Every so often in this business you meet a guy who’s special, pretty cool is how I say it. Mark Zacher’s one of those guys. He’s from South Dakota and he won the “Fish with Ike” Sweepstakes back in April. We did our day on the water last Monday on the Mississippi right after our Elite Series tournament.
I knew right away that he was a serious bass angler. He looked and talked the part. I call guys like him Fish-Heads. Now, that’s in no way a derogatory term, and it has nothing to do with his appearance. He looks just fine.
It does, however, have everything to do with his passion for fishing. Mark lives, eats and breaths bass fishing. That’s my kind of guy. He knows his tackle, what it will do and how to use it. And, he likes to be on the water. It’s what he’s about, really. Most important of all, he wants to learn.
We decided what we were going to do before we ever left the dock. It was going to be a practice type day. That means new water, fishing around and trying to figure out what they were doing. We devoted the first half of our day to largemouth. The second half of our day was all about smallies.
I thought that would be a good approach given the high level of his experience. There was no point in my going to a spot where I knew there would be fish, pointing and telling him where to throw his lure. He’s way beyond that.
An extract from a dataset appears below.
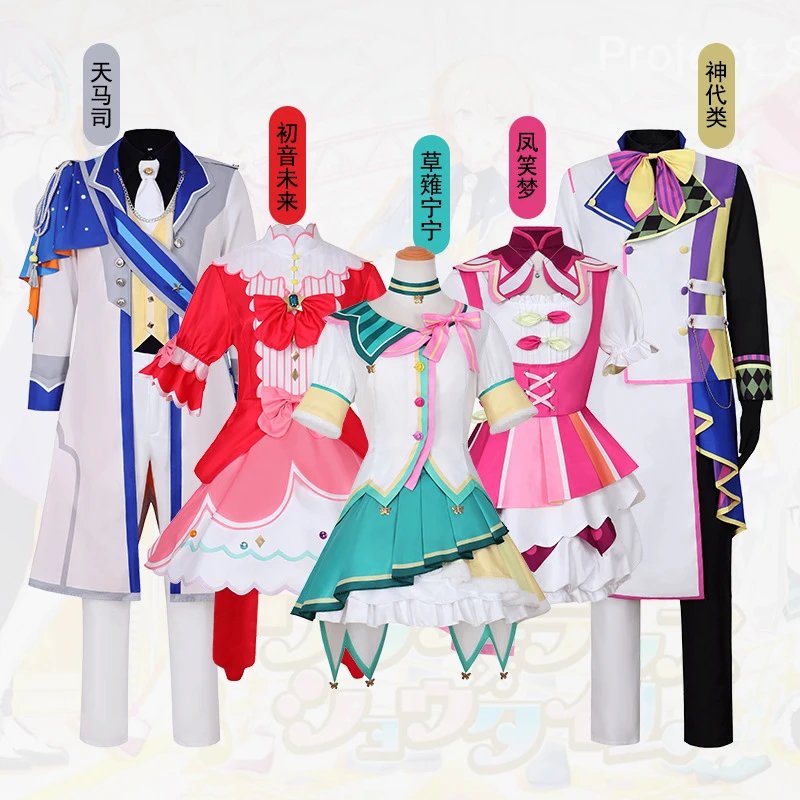 Unbranded Matching Sets Project Sekai 3rd Anniversary Cosplay Costume Set image 1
We had a great time. It was pretty much a typical Mississippi River bass fishing. I’d guess we caught 20 fish each, maybe a few more, but they were mostly small. Mark had one right at 3 pounds and I had one almost that big.
While we were fishing we talked about tackle and equipment. I’m always impressed with the knowledge guys like him show. He knew what was going on, how to use everything, and generally showed that he was on top of his game. I showed him a few things and he showed me a few things.
I want to thank my sponsors. They put together a really nice package of tackle. We spent a lot of time going over what he had and how I think he might want to use it.
Things like this are good for our sport. It puts everyone in contact with everyone else. That makes sure the up-and-coming anglers get a chance to meet and fish with those of us who’ve been around for a while. Frankly, I’d like to see more contests and events like this. I know I had a good time and I know that he did, too.
One final thought: If you have any doubts about how small and close knit the fraternity of bass tournament anglers is consider the fact that Mark fishes with Jami Fralick’s dad. How’s that for proving we live in a small world?
Good luck to you in the future, Mark!